Record set Block Start

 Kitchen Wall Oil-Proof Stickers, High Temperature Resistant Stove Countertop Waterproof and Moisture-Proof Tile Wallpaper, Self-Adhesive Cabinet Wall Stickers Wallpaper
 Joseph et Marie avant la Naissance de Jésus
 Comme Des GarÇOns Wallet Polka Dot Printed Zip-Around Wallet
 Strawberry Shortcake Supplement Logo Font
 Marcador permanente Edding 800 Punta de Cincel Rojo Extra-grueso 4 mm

Record set Block End

Your task is to set down exactly the lines from the line containing "Comme Des GarÇOns" to the end of the data above, including both ends.

 Comme Des GarÇOns Wallet Polka Dot Printed Zip-Around Wallet
 Strawberry Shortcake Supplement Logo Font
 Marcador permanente Edding 800 Punta de Cincel Rojo Extra-grueso 4 mm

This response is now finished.